Q: Some of the Simple 6 habits you identified are pretty basic maximizing savings, minimizing debt, for instance.
A: They’re not astounding. They don’t pass what we in academia call the “grandmother test”: You tell your grandmother the results of your two-year study and she says, “I could have told you that.” The best households aren’t using any sophisticated investing strategies … but they’ve (adopted) some basic habits that are very important.
(Such as) “Ask your employer.” Most financially fit households were ones where the wives, in particular, had sought out information from their employer. At the risk of sounding sexist, husbands historically have assumed control for finding out how to manage finances, how to set up a retirement account. But we found our “upper group” was definitely marked by equality: both partners trying to manage and understand their personal finances … For instance, one partner reads somewhere that there’s a higher limit for contributions this year to a Roth IRA. So the partner goes home and tells (his/her) spouse: ‘Did you know that?’ That’s knowledge being actively shared.

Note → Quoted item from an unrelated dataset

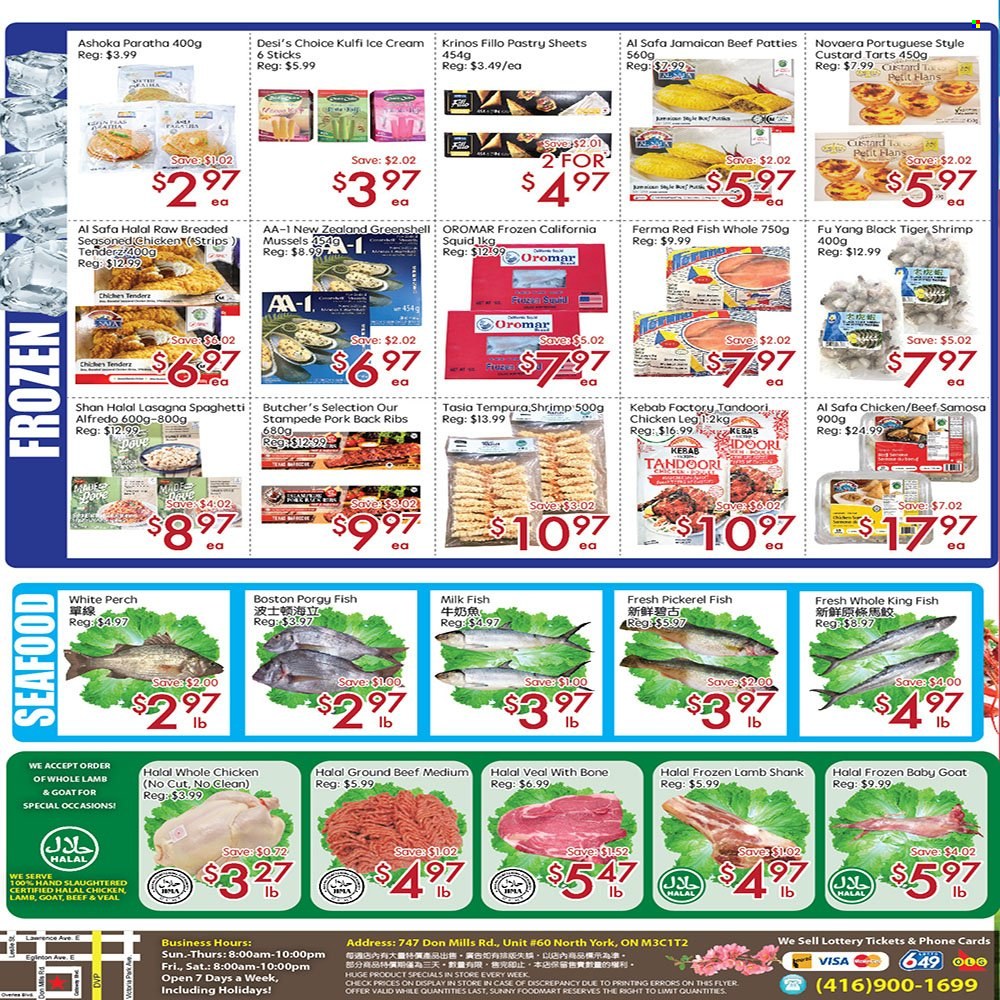 Sunny Foodmart flyer  - March 22, 2024 - March 28, 2024.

Q: What’s the biggest single obstacle to Americans saving for retirement?
A: It’s too far in the future if you’re young … and right now, our conventional spending patterns are not aligned with what we earn. Buying lunch out every day is normal; bringing it is slumming. That’s a huge amount of money (spent on eating out) each month.
The credit (card) boom of the last 20 years helped create that mindset; the recession may help change those habits. Maybe there’ll be a “new normal” … bringing your lunch three days a week instead of eating out five days a week.